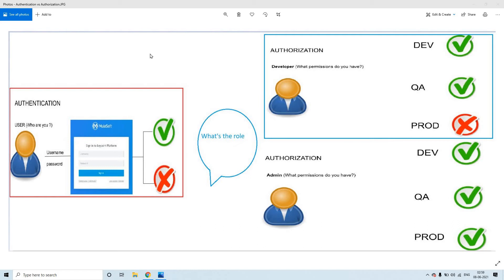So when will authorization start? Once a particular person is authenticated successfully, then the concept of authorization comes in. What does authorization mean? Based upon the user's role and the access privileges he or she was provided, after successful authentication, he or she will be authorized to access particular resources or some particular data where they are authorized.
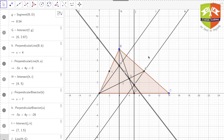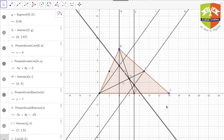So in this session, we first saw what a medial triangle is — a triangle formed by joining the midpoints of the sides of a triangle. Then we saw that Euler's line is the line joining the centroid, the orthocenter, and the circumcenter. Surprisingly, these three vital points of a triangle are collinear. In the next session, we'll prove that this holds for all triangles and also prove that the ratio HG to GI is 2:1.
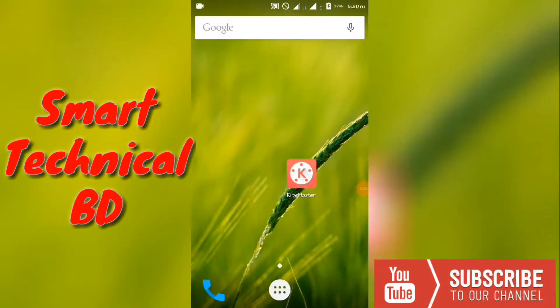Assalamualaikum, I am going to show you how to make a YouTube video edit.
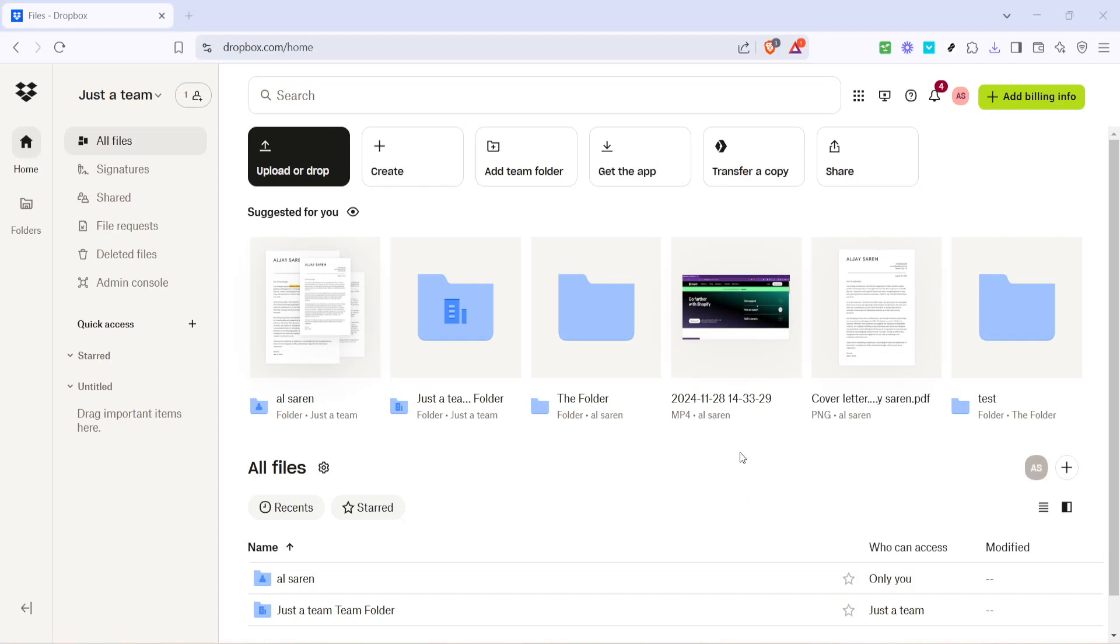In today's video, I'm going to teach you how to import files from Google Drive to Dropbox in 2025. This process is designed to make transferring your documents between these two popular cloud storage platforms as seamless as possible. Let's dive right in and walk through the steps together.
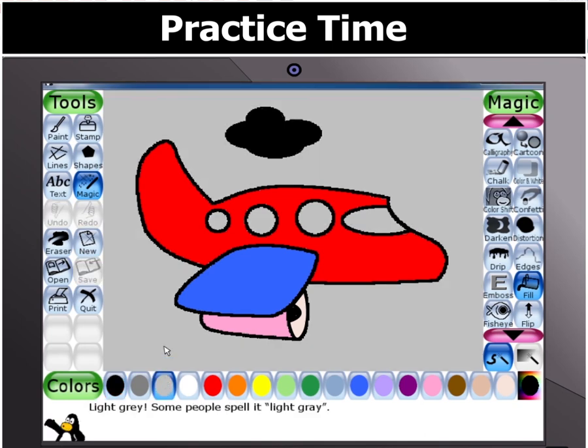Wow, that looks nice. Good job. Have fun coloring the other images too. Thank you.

· · ·

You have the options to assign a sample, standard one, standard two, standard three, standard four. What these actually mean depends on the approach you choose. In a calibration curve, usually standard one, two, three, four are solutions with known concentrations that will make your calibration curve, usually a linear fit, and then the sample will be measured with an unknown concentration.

· · ·

Description of the task
Reproduce the listing above from the line that holds "So in this session, we" through the line that holds "Assalamualaikum, I am", both included, with the pictures left out.

Task answer
So in this session, we first saw what a medial triangle is — a triangle formed by joining the midpoints of the sides of a triangle. Then we saw that Euler's line is the line joining the centroid, the orthocenter, and the circumcenter. Surprisingly, these three vital points of a triangle are collinear. In the next session, we'll prove that this holds for all triangles and also prove that the ratio HG to GI is 2:1.
Assalamualaikum, I am going to show you how to make a YouTube video edit.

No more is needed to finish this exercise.